Work task >> Within the entries below, please retype exactly the lines starting with the line that has "Entrevista con la" and going on through the line that has "vidaXL Tuinbank pallet hout", but not the pictures.

Data listing >>
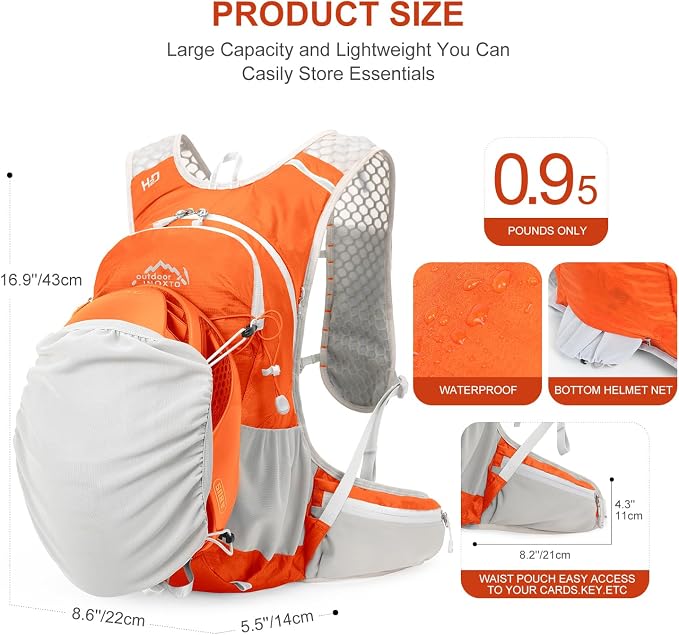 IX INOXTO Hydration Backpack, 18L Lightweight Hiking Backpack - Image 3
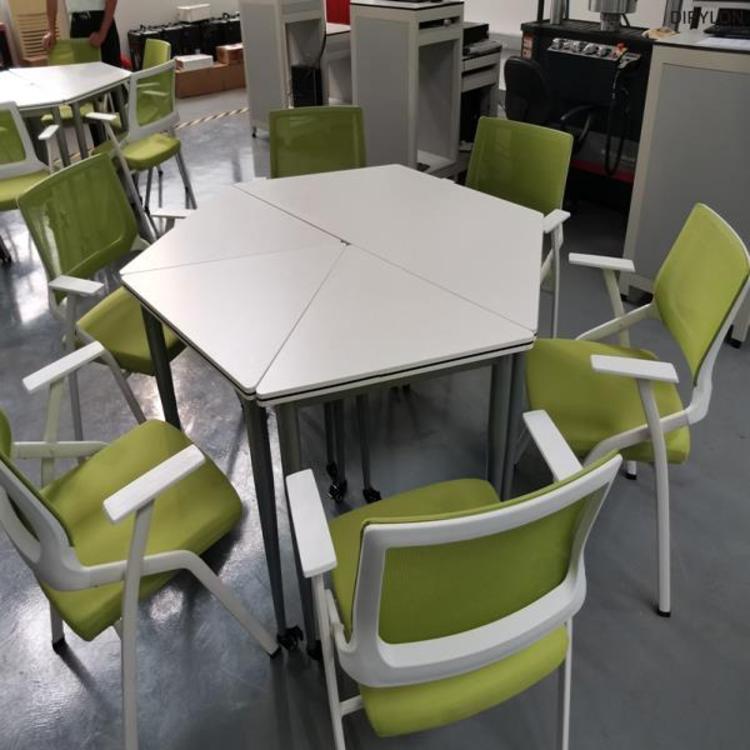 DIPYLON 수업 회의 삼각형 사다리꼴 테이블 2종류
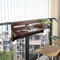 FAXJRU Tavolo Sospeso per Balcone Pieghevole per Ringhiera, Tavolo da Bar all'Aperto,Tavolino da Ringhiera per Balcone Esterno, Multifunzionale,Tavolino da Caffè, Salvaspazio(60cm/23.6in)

==

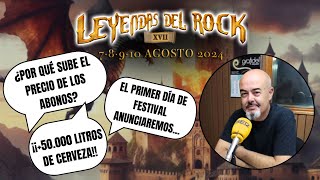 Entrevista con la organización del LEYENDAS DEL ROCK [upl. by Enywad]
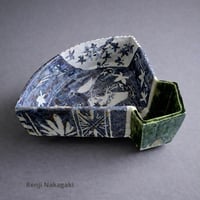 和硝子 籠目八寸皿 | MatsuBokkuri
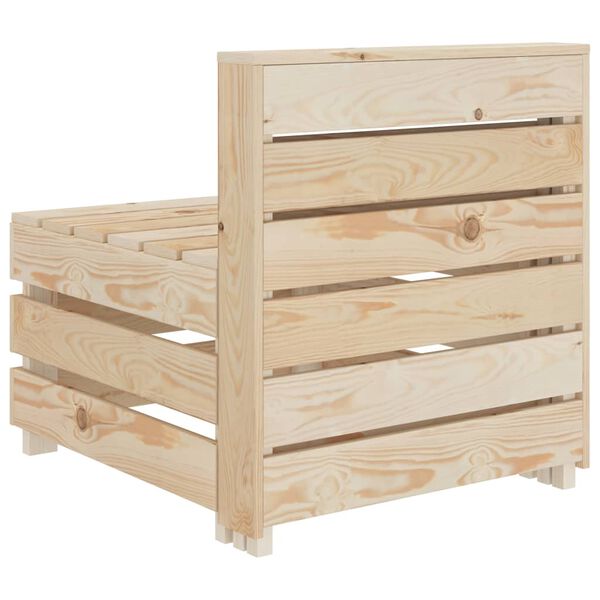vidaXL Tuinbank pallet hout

==

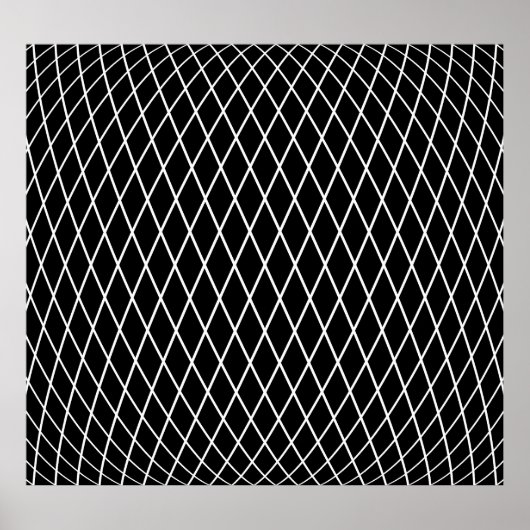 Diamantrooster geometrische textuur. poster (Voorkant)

Solution to the exercise >>
 Entrevista con la organización del LEYENDAS DEL ROCK [upl. by Enywad]
 和硝子 籠目八寸皿 | MatsuBokkuri
vidaXL Tuinbank pallet hout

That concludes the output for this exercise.